I think xref could do that, but that is the problem of stdlib, not my_app. I don’t think you want to run static analysis on your deps. The other mechanism I used is system_information:sanity_check/0 which failed on what should be a valid release - it failed not on my app’s deps, but on stdlib’s :smiley:

I don’t think this should be an error/warning, because it’s just not your fault. As you mentioned before:

Notice that word need is bold, because an application needs some other applications in order to work properly. That need should be addressed by including those applications in a release.

I think that every release which contains no user-errors should pass sanity check.

EDIT: FWIW, this shouldn’t be mandatory, but at least there should be a way to include runtime deps in releases (even though they should be included by default :D)

Right, I conflated another case with your stdlib case. I’m thinking about the case where it’s a problem in your app, but you know later rather than sooner.

See above :slight_smile:

Agreed, as this can be a bit tricky with kernel, stdlib, etc. Not every case requires crypto as an example, yet stdlib is needed by everything.

So what I hear and agree with is an option {bundle_optional_dependencies, true}. This of course doesn’t have to live inside OTP, it could be part of relx, mix, etc. though it’s nice to have core features available to all tooling outside of OTP to avoid duplicated effort.

EDIT: FWIW, I didn’t edit this, I just wanted to keep symmetry from the previous two posts going :stuck_out_tongue:

Exactly, but we can’t be sure in compile time whether that part is being used or not.

I was thinking about bundle_runtime_dependencies, but actually, both options could have it’s purpose (+ dunno if included_applications get into releases).

It doesn’t have to, but I still think that current mechanism is incomplete. Although It’s a corner case, I don’t see why something called dependency is not being treated as one. I may go with a PR to release_handler directly, that way every build tool can just easily adapt that feature (I’d rather call that fix, not a feature :smiley: )

Well, you wouldn’t want to make use included_applications, and I would suggest reading the documentation around that. I wonder if that should be deprecated actually.

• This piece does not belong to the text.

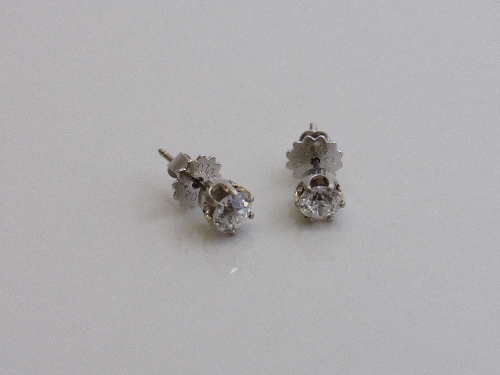 18ct gold & diamond stud earrings, approx 0.3ct. Estimate £500-550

I think this notion of bundling optional dependencies needs a little more thought, though I’d be quite interested to see a PR, as I’m sure there are bits on your end I’m not picking up. One problem I see is you have one option that you put in an app source file and all optional dependencies get bundled. This would create for a huge release and is a heavy handed way of getting just a few dependencies you care about it (albeit indirectly) in there without having to manually specify them. If size of a release is not a concern, then well that may be of no concern, but there’s perhaps other reasons to avoid bigger releases as well (startup time and in general just more surface area).

The idea of some kind of static analysis is nifty I think, but it would also be very slow in a large application, and as you said, it may be some what odd to perform this kind of analysis on your deps (but not invalid).

Only documentation I found on it is here and I can’t see why this should be deprecated and not supported in releases.

I don’t think huge is the right word here, I’d rather say bigger (equal in some cases), but that would ensure that generated releases are sane. Currently, we only have an option to exclude all runtime_deps/optional_apps and include them manually (not very scalable tho, especially when those deps are not directly yours, but deps of your deps!). Why don’t we introduce an option to include all runtime_deps/optional_apps and exclude them manually if you want smaller releases? Then, if the release doesn’t work as it should - its your problem.

Isn’t a pain when you have to handle your deps’ deps? This example is with stdlib is trivial because there is only one level of indirection, but imagine you’re packaging apps that have multiple levels of dependencies that use runtime_deps/optional_deps. When I include app X in a release, shouldn’t everything else needed for X to work also be included?

I know that included_apps, optional_apps and runtime_deps are rarely used, but I see each item listed in one of those as a dependency of the application.